My LA Weekly

In December the LA Weekly celebrated its 30th anniversary with a series of reminisces from eras past. Here’s my contribution.

A Matter of Life and Death

Sara Catania, staff writer, 1996-2004

In the spring of 1998, LA Weekly editor Sue Horton assigned me to write about Horace Kelly, a mentally ill man on California’s death row who faced imminent execution because his attorneys had missed the filing deadline to argue him mentally unfit to be put to death.

The piece recounted the tortuous trajectory of the case and details of Kelly’s grim life. It also included, at Sue’s insistence, reaction from the family of Kelly’s victim, a young boy.

I resisted talking with that family. I knew the story I was writing would in the end argue against execution of the mentally ill man who killed their kin. Did advocacy journalism really require balance? Sue said yes. How could one win anyone over to one’s argument if one did not present one’s case honestly and completely? Only then could one claim the moral high ground, she said.

After the story was published – the first and only coverage of the case at that point— Kelly’s execution date was canceled and he was granted a sanity hearing, which I also covered for the Weekly. The hearing took place in Marin. Sue sent me up there and urged me to stay until the proceedings—which dragged on for several weeks-- were done. Though the jury found Kelly sane for execution, through the vagaries of the court system, his life was spared. He is alive on death row to this day.

I can’t say with any certainty what role my work played, but that first big feature was the story all the other reporters who showed up for the sanity trial carried with them, and when Ted Koppel addressed the case on Nightline, as part of a discussion on execution of people with mental illness, he held up a copy of the LA Weekly article to illustrate his point.

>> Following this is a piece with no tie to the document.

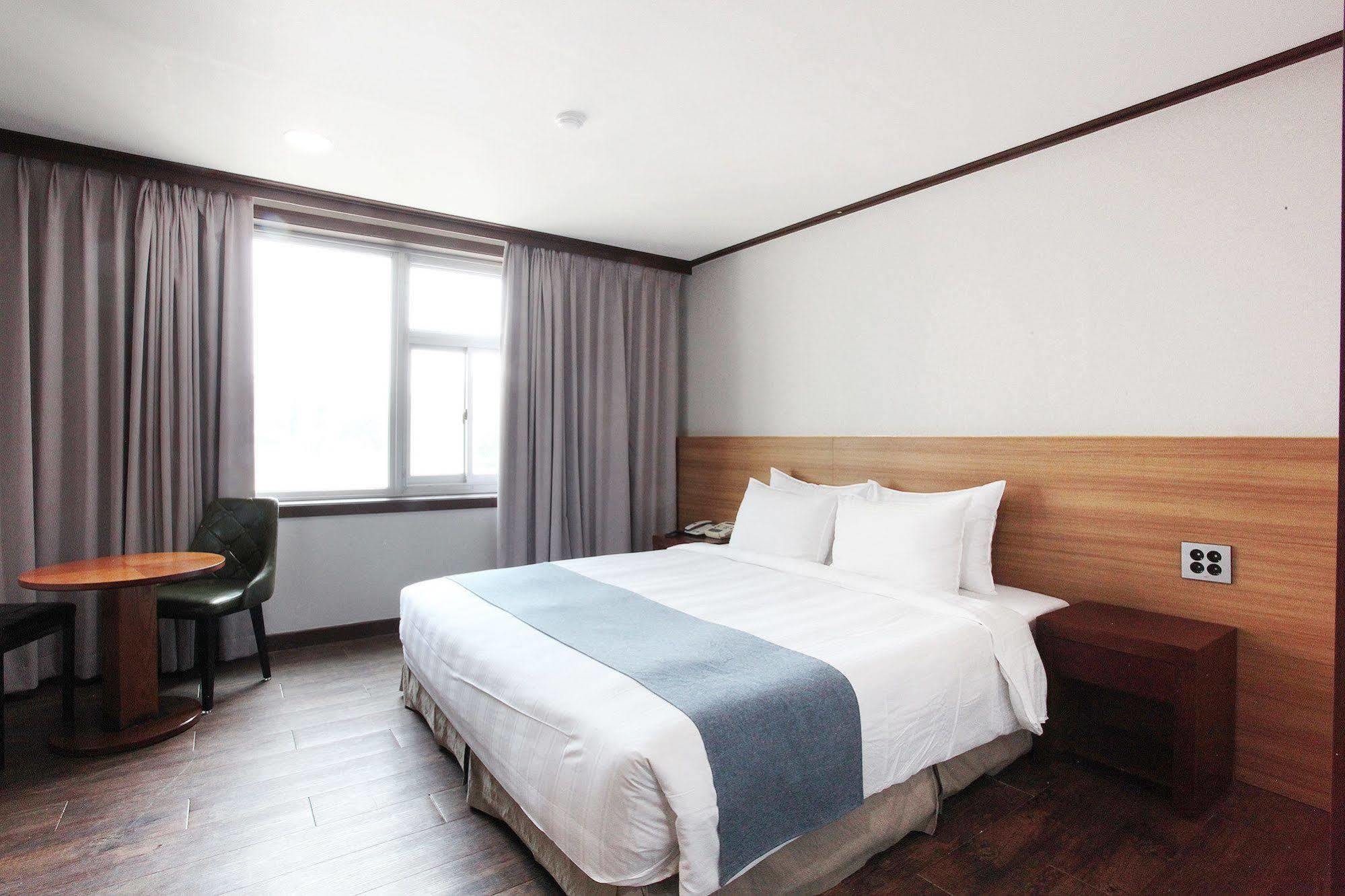 Noblesse Hotel Чеджу Екстериор снимка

In the end I filed six stories about Kelly, a series which shed at least some small light on the complexities of capital punishment in California. It was (and is) a thorny and difficult topic that everyone needs to know about. LA County has more people on death row than anywhere else in America, some since before the LA Weekly was founded. But it's an issue that was (and is) of little interest to most people. Still, Sue didn’t hesitate to run every single piece. That dedication, that commitment to work that was valuable and meaningful -- advertisers be damned -- made working at the Weekly a reporter’s dream.